(Activity)
Only one span of the listing below should come back. It runs from the line with "SONG HONG BUSINESS LOUNGE - 12月31日" through the line with "Б (Без Букв) ---до 03.02 в 22:05 - img341", and each of its lines must be reproduced exactly.

━━━ Dataset extract ━━━

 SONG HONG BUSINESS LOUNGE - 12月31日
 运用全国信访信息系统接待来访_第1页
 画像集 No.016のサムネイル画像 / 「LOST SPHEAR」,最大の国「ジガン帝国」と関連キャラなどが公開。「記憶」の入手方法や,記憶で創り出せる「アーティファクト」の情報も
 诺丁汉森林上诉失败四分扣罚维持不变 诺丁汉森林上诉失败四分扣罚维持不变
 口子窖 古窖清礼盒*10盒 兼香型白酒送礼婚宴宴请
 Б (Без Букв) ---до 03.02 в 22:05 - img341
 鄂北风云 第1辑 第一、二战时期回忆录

━━━
━━━ Dataset extract ━━━

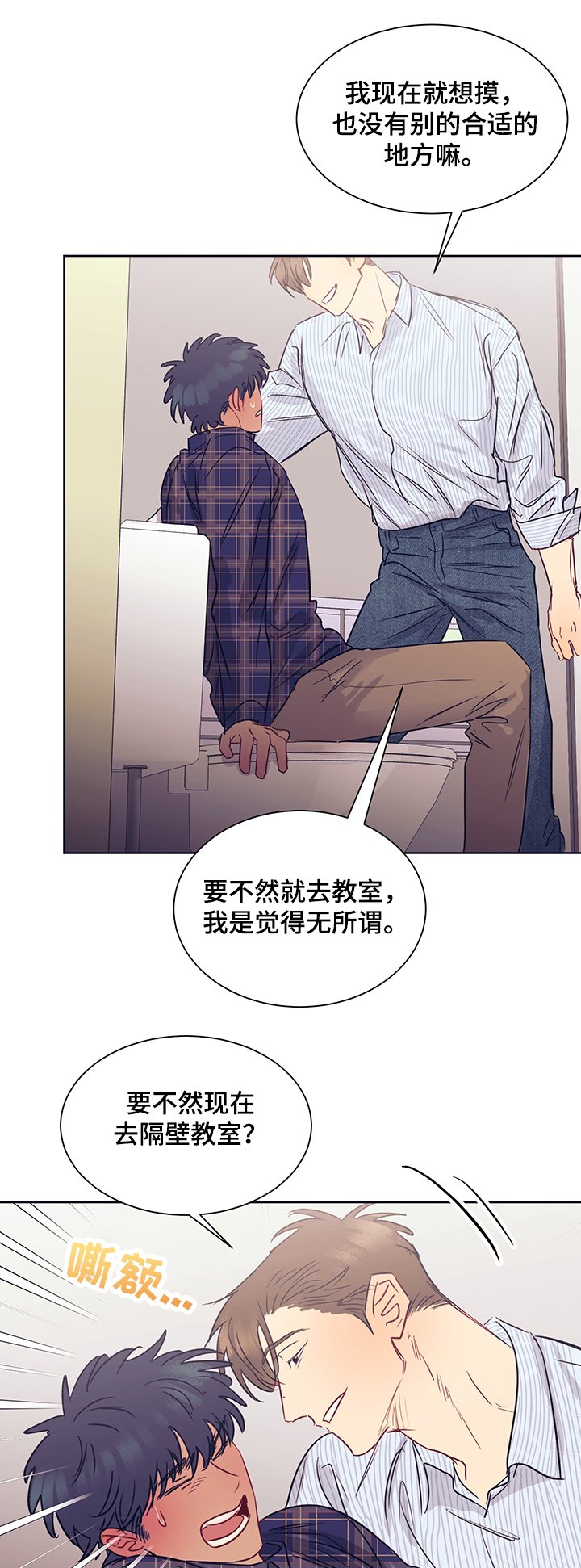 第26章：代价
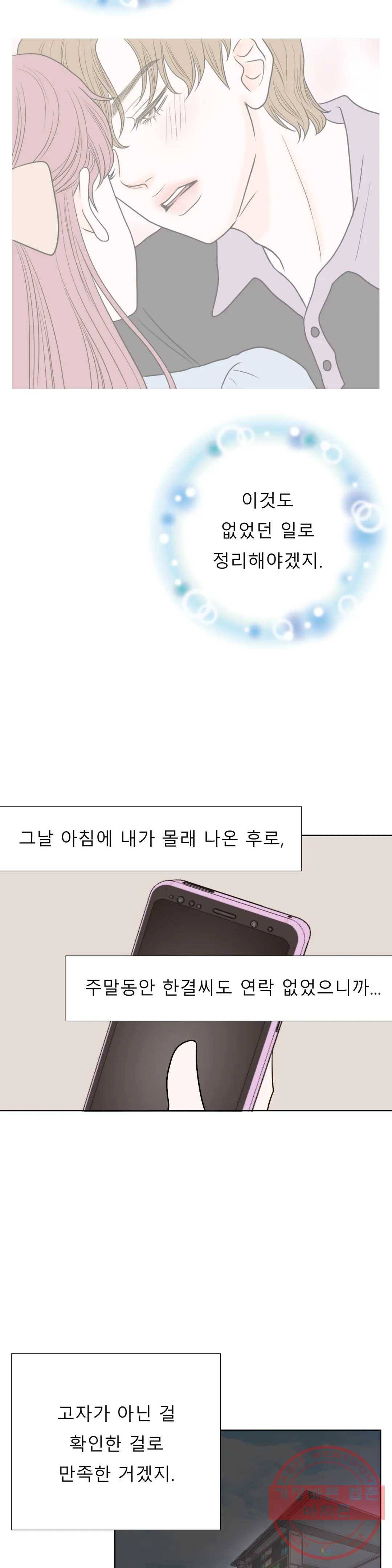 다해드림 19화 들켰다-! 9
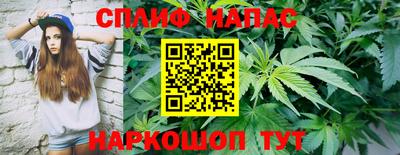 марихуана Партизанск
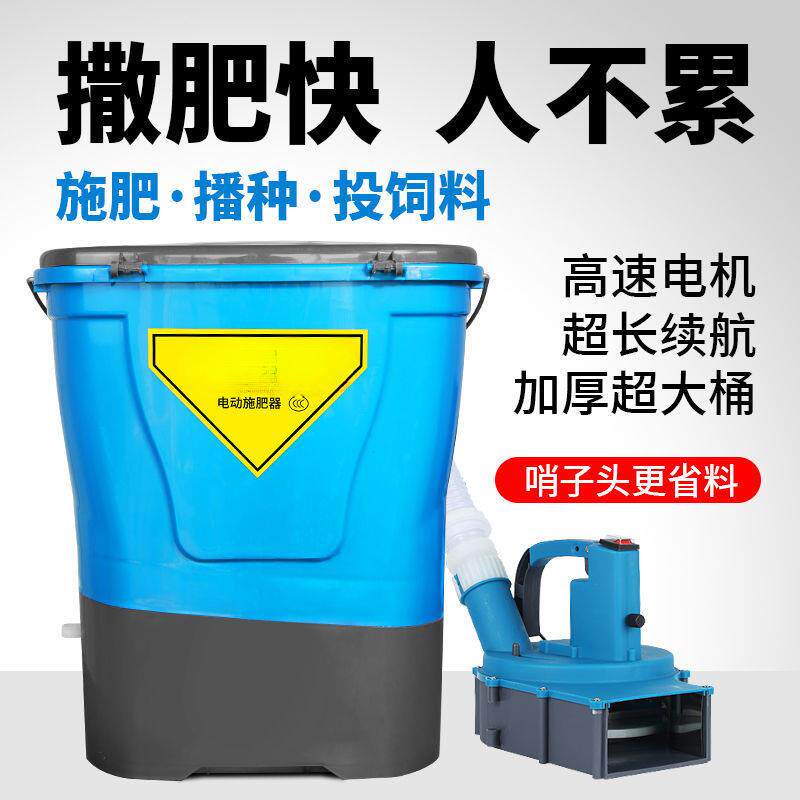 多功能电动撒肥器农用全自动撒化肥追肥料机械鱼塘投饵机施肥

━━━
━━━ Dataset extract ━━━

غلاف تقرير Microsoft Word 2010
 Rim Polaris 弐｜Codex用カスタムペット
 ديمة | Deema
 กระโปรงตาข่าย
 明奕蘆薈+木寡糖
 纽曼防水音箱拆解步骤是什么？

━━━

(Finished exercise)
 SONG HONG BUSINESS LOUNGE - 12月31日
 运用全国信访信息系统接待来访_第1页
 画像集 No.016のサムネイル画像 / 「LOST SPHEAR」,最大の国「ジガン帝国」と関連キャラなどが公開。「記憶」の入手方法や,記憶で創り出せる「アーティファクト」の情報も
 诺丁汉森林上诉失败四分扣罚维持不变 诺丁汉森林上诉失败四分扣罚维持不变
 口子窖 古窖清礼盒*10盒 兼香型白酒送礼婚宴宴请
 Б (Без Букв) ---до 03.02 в 22:05 - img341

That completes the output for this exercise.